L'incontro tra queste due solitudini non genera una storia d'amore, ma un patto faustiano, una simbiosi terrificante e necessaria. Il loro corteggiamento non si consuma con fiori o parole dolci, ma con un cubo di Rubik e messaggi in codice Morse picchiettati attraverso una parete, un dialogo intimo e segreto che bypassa il mondo fisico. Alfredson costruisce la loro relazione attraverso una grammatica visiva di prossimità e distanza, di campi lunghi che li isolano nel paesaggio e di primi piani che ne scrutano le micro-espressioni. La scena più iconica, in cui Eli, non invitata, entra nella stanza di Oskar e inizia letteralmente a sanguinare da ogni orifizio, è una tesi cinematografica sul consenso e sulla fiducia. L'invito a "entrare" non è una mera formalità del folklore vampiresco, ma l'atto fondativo del loro legame: un'accettazione totale dell'altro, mostruosità inclusa. Oskar accetta il mostro perché il mostro, a differenza degli umani, lo vede e lo protegge.

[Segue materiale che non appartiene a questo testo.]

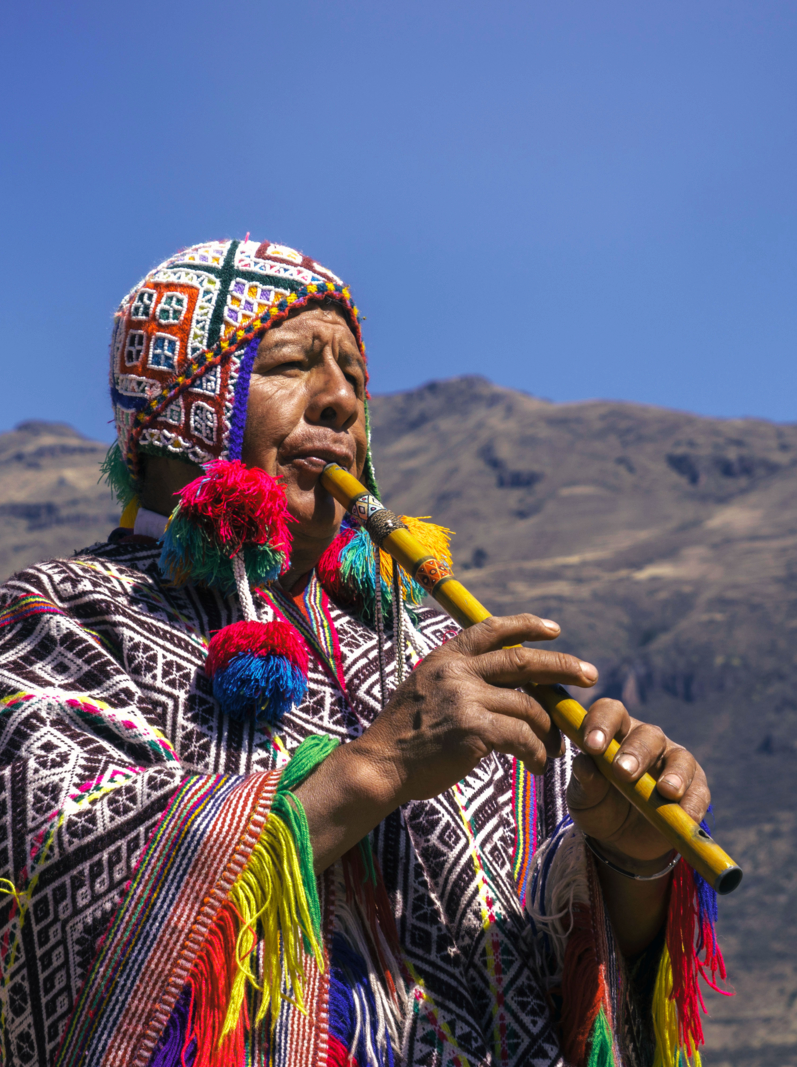 Senior man dressing traditional peruvian clothing and playing flute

Il film si muove con un ritmo deliberatamente lento, quasi contemplativo, che ricorda più il cinema di un Roy Andersson privato del suo humour surreale che un horror convenzionale. Alfredson rifiuta categoricamente il jump scare. L'orrore non è un'esplosione improvvisa, ma una marea montante di disagio. La violenza, quando arriva, è brutale, goffa e priva di ogni spettacolarizzazione. È la violenza sgraziata del mondo reale che irrompe in un'atmosfera onirica. La fotografia di Hoyte van Hoytema dipinge questo sobborgo di Stoccolma con una palette desaturata, dominata dai bianchi, dai grigi e dai marroni, dove l'unica macchia di colore vibrante è il rosso del sangue, una nota stonata e vitale in una sinfonia di apatia. Questa estetica del vuoto non è solo una scelta stilistica, ma un commento socioculturale: è il ritratto della fine di un'utopia, dove la pulizia architettonica del brutalismo non riesce a nascondere il disordine emotivo e la frammentazione sociale.

È impossibile non leggere Lasciami entrare come una fiaba dei fratelli Grimm riscritta per l'era della socialdemocrazia in crisi. Come in ogni fiaba che si rispetti, i confini tra bene e male sono labili e la salvezza ha un prezzo terribile. La scena catartica e agghiacciante nella piscina è l'apice di questa logica fiabesca. Oskar, sul punto di essere annegato dai suoi bulli, viene salvato da un'esplosione di violenza primordiale. Alfredson compie una scelta registica geniale: mantiene la prospettiva di Oskar sott'acqua, ovattando i suoni della carneficina in un silenzio liquido e innaturale. Vediamo solo frammenti di caos: un braccio che cade, una testa mozzata che galleggia. Quando Oskar riemerge, il suo salvatore è lì, e sul suo volto non c'è orrore, ma una serena, quasi impercettibile, accettazione. In quel momento, il patto è sigillato per sempre. Oskar non è più una vittima. È diventato il custode del mostro, il nuovo Håkan.

Il finale, con Oskar che viaggia su un treno nascosto in una cassa insieme a Eli, non è un lieto fine, ma l'inizio di un'altra storia, forse ancora più oscura. Il ragazzino picchietta un messaggio in codice sulla cassa, e dall'interno Eli risponde. Comunicano nel loro linguaggio segreto, isolati dal resto del mondo, diretti verso un futuro incerto. È un'immagine di una bellezza straziante, l'emblema di una dipendenza reciproca che è sia salvifica che condannata. Oskar ha trovato chi lo proteggerà, ma a quale costo? Ha scambiato il suo isolamento con un altro, forse più profondo. Ha trovato l'amore, o semplicemente la sua perfetta, complementare disfunzione?

Lasciami entrare è un'opera che resiste a facili categorizzazioni. È un horror esistenziale, un racconto di formazione deviato, un'analisi spietata della crudeltà infantile e dell'indifferenza adulta. È un film che, come i suoi protagonisti, chiede di essere accolto, di superare le barriere del genere per poterne apprezzare la complessità tematica e la superba maestria formale. È un capolavoro gelido e struggente, che si insinua sotto la pelle e vi rimane a lungo, un sussurro nel buio che ci ricorda che i mostri peggiori, a volte, sono quelli che ci ignorano, e la salvezza più grande, a volte, ha un volto mostruoso.